Вот и дошли до океана. «Устройте поток воде – и исчезнут плесень и вонь». То есть: переключите черную энергию Верховенского-младшего вовне – пусть он делает всю землю до Дальнего Востока нашенской. «И не опустеет Россия, не бойтесь».

Каково читать все это сегодня, когда в опустевшую Россию возвращаются из Азии выдавленные оттуда потомки «урусов», поверивших когда-то такому вот «не бойтесь»!

Не бойтесь! – продолжает успокаивать себя и нас Достоевский. Никогда в Азии не явится новый халифат, не воскреснет вновь фанатизм и не обрушится мусульманский мир опять на Европу.

А на Америку? – хочется переспросить…

А что, если неспроста успокаивает себя автор «Дневника…», неспроста нервничает? Конечно, в его время можно было успокоиться количеством ружей (уточнить бы: не ружей, а винтовок). Ну, пусть халифат и объявился бы «где-нибудь в азиатской степи, в песках; но чтоб низринуться на Европу, в наш век потребно столько денег, столько орудий нового образца, столько ружей, заряжающихся с казенной части, столько обоза, столько предварительных фабрик и заводов, что не только мусульманский фанатизм, но даже самый английский фанатизм (как видим, «фанатизм» Достоевский не склонен резервировать лишь за исламом! – комментирует Марк Батунский) не в состоянии был бы ничем помочь новому Калифату. Одним словом, решительно ничего не будет, кроме хорошего».

Обозы, фабрики и заводы – это, конечно, хорошо. А дюжины мешков гексагена, а дюжины автоматов в руках шахидов, а тысячи заложников не хотите? А пары самолетов, таранящих небоскребы? Нет, не зря, видно, нервничал классик на излете империи.

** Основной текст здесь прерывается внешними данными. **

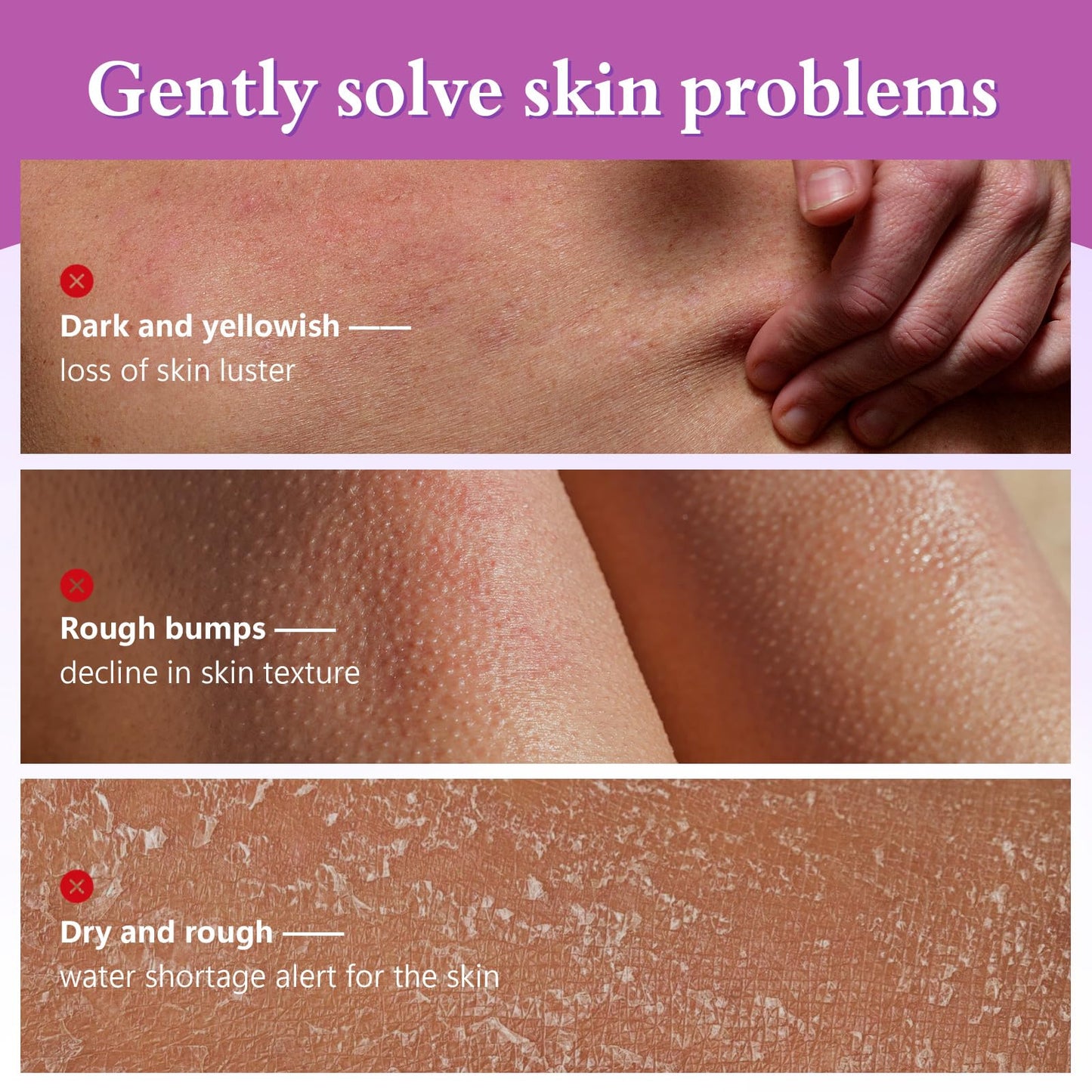 Glycolic Acid Body Scrub Stick for Rough & Bumpy Skin - 7% AHA + 0.5% BHA Exfoliating Stick with Shea Butter, Gentle Chemical Exfoliator for Arms, Legs, Back, 2.65oz for Men & Women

Вернемся к материям метафизическим.

«Ключи Вифлеемского храма служат только предлогом для достижения целей политических», – пишет Достоевский.

Батунский комментирует:

– Достоевский чужд (хотя, конечно, не во всем и не всегда) линейного, альтернативного мышления («или то, или это»), ибо оно не дает решения беспрестанно им выдвигаемых сложнейших проблем.

С проблемами мы и переходим в новое исторические время.

Эпилог

Умма

Переходя из века XIX в век XX – откочевывая из раскаленных песков практической исламистики, на которых так и не удалось построить ничего универсального, в академический оазис такого чистого востоковедения, где уже не противостоят друг другу непреклонные вожди полчищ и не перекрикивают друг друга отчаянные миссионеры, а в изложнице методологических основ мирно журчит когнитивная целостность, Марк, как может показаться, покидает поле боя, – но это не так.